By Jonathan Amos
Just two weeks after landing its Curiosity rover on Mars, the US space agency has announced it will send another robot to the planet in 2016.
The InSight spacecraft will be a static lander that will carry instruments to investigate Mars’ deep interior.
Scientists say this will give them a clearer idea of how the rocky planets formed – the Earth included.
InSight beat two other proposals in a competition to find Nasa’s next relatively low-cost mission.
This so-called Discovery class of endeavour is cost-capped at $425m (£270m; 345m euros), although that figure does not include the rocket to launch the spacecraft.
InSight stands for Interior Exploration using Seismic Investigations, Geodesy and Heat Transport.It will be led from the Jet Propulsion Laboratory (JPL) in Pasadena, California.
The design of the lander leans heavily on the successful Phoenix probe put on the Red Planet in 2008. But although the 2016 venture will look very similar, it will carry very different instrumentation.
A seismic experiment will listen for “marsquakes” and use this information to map the boundaries between the rock layers inside Earth’s neighbour.
It will determine if the planet has a liquid or solid core, and provide some clues as to why its surface is not divided up into tectonic plates as on Earth.
Key components of this package will come from France and the UK.
InSight will also push a German-built thermal probe into the surface to gauge Mars’ temperature profile. This will reveal how the planet is cooling.
JPL will provide the two cameras on InSight and a robotic arm.
It will also deliver another sensor that will very accurately determine the degree to which the planet wobbles on its axis.
All the data combined will inform researchers about the internal state of Mars today and how it has changed through the eons.
“This is science that has been compelling for many years,” said John Grunsfeld, who heads up Nasa’s science division.
“Seismology, for instance, is the standard method by which we’ve learned to understand the interior of the Earth – and we have no such knowledge for Mars.
“This has been something the principal investigator (JPL’s Bruce Banerdt) of this mission has been trying to get to Mars for nearly three decades, and so I’m really thrilled that this is now at a mature stage where he has been able to propose something that fits within the cost and schedule constraints of the Discovery programme.”
It is clear from surface features that the Red Planet was much more geologically active in the past. The remains of the largest volcano in the Solar System – Olympus Mons – can be seen on Mars.
When and why this activity waned remains to be established, but it is an issue that plays directly to the question of life on the planet.
Earth retains an atmosphere and water at its surface because of the protective magnetic field generated in its liquid iron/nickel core.
At some point, Mars lost its global magnetic shield and that allowed the stream of particles billowing away from the Sun – the “solar wind” – to strip away the planet’s atmosphere, leading to the loss also of its surface water. This change may have stifled any chance for life to establish itself on Mars.
Tom Pike from Imperial College London, UK, will be working on the mission.
He told BBC News: “This is not going to be a mission of pretty pictures like Curiosity, but when we get the first marsquakes I think that is going to be a really cool data set.
“We’ll be doing comparative planetology. We know the internal structure of the Earth, but we have nothing to compare it with.
“We don’t know if Earth is a special case or a more general case.

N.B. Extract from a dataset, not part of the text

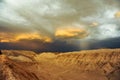 Thunderstorm developing over sand dune in Valle De La Luna in the Atacama Desert near San Pedro de Atacama, Chile Royalty Free Stock Photo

A lot of science is based on it being a more general case because that allows you to develop theories about how the core formed, the mantle around it and then the crust on top. But we’d really like to test this out on another planet.
“InSight will enable us to do that Mars.”
Nasa is currently basking in the success of its Curiosity rover, which landed on the planet two weeks ago. That mission, by comparison, is costing $2.5bn (£1.6bn; 2bn euros).
The space agency says the InSight selection was made before the six-wheeled vehicle touched down and so was not influenced in any way by recent events.
The outlook for American Mars scientists now looks considerably brighter than it did at the beginning of the year.
Back in February, they were told Nasa’s budget for Red Planet exploration would be cut back sharply; and many feared that if Curiosity was lost during its risky landing, they might not see another US-led Martian lander for perhaps 10 years.
The two missions that missed out in the final Discovery selection were:
Titan Mare Explorer – Billed as the first direct exploration of an ocean environment beyond Earth. This would put a “boat” on a large methane-ethane sea on Saturn’s moon Titan.
Comet Hopper – This would study cometary evolution by landing on a comet multiple times and observing its changes as it interacted with the Sun.